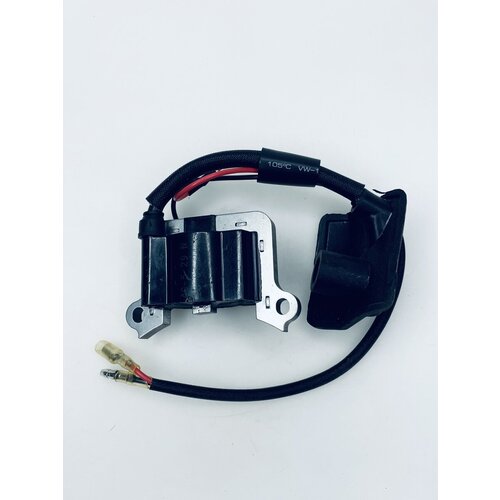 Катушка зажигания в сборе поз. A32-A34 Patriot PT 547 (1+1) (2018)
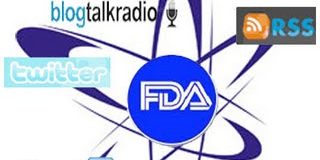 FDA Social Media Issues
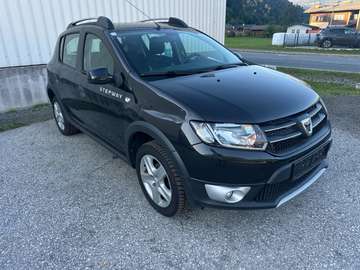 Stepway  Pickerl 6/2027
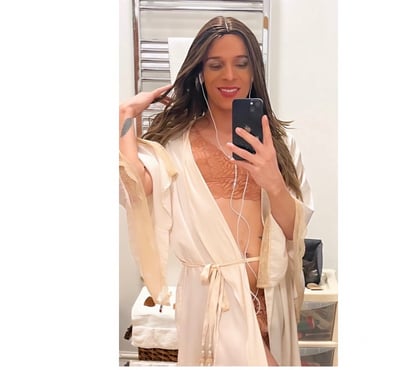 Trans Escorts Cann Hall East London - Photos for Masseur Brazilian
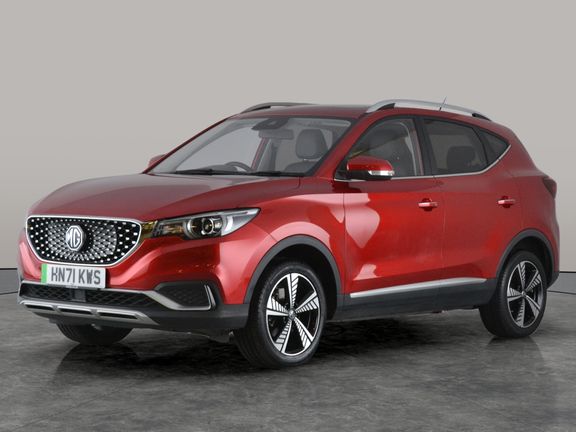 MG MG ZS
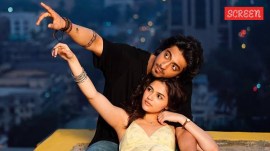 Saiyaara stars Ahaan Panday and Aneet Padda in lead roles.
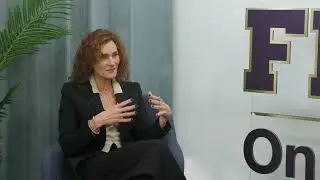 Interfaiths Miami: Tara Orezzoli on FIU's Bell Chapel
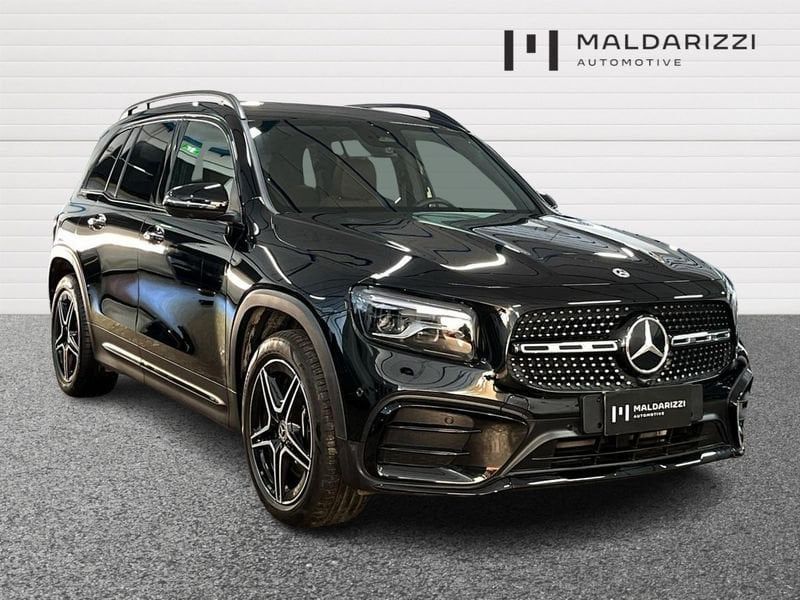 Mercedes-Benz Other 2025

● WORK TASK
The lines running from the one with "Trans Escorts Cann" to the close of the material above are to be retyped exactly; no picture is to be included.

● EXPECTED ANSWER
 Trans Escorts Cann Hall East London - Photos for Masseur Brazilian
 MG MG ZS
 Saiyaara stars Ahaan Panday and Aneet Padda in lead roles.
 Interfaiths Miami: Tara Orezzoli on FIU's Bell Chapel
 Mercedes-Benz Other 2025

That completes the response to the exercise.